This product allows the development of interpolated abundance maps of the most abundant copepod species from the North East Atlantic: Acartia spp, Calanus helgolandicus, Calanus finmarchicus, Metridia lucens, Oithona spp and Temora longicornis (Figure 3). It is useful to detect spatial trends and long-term anomalies in zooplankton distributions. The method uses DIVAnd software tool and a neural network model in a combined loss function. The observed zooplankton abundances are complemented with environmental parameters as co-variables to improve the interpolation; temperature and salinity from SeaDataCloud, and the nutrients nitrate, silicate and phosphate from the World Ocean Atlas 2018.

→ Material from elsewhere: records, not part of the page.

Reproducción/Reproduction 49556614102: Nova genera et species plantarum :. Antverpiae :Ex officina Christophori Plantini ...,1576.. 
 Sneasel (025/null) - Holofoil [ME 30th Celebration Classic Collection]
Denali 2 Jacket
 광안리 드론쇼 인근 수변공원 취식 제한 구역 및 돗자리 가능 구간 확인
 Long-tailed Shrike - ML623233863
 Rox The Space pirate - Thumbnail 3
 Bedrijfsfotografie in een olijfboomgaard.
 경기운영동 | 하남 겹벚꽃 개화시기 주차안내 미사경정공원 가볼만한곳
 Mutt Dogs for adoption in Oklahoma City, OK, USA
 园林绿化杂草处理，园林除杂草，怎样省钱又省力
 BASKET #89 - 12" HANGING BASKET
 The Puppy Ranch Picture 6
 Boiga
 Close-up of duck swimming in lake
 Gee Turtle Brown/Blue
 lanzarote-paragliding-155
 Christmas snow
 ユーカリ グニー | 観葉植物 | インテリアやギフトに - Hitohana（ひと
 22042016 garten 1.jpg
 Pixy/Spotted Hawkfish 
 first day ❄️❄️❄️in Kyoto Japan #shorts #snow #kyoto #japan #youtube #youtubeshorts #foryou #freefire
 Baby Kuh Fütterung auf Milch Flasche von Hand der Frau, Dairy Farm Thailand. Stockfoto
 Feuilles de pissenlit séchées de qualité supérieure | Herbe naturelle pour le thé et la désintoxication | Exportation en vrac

The workflow can be executed in 2 Jupyter notebooks written in Julia. The first notebook allows to do the analysis (covariables preparation, split of the data into a training and validation set and the DIVAnd interpolation and neural network analysis). The second notebook allows to visualize the results (Figure 3).
Figure 3: Interpolated abundance maps of the most abundant Copepod species from the North East Atlantic. Areas with only very few data points are masked but the results over the full grid are computed.
The uncertainty of the output is captured by the relative error (stored in the output NetCDF files) and the validation statistic (JSON files) that is the mean squared error between the analysis and the data set aside for validation. The validation statistics represents the accuracy of the results on average in absolute terms while the relative error indicates how much the analysis is influenced by observations close-by.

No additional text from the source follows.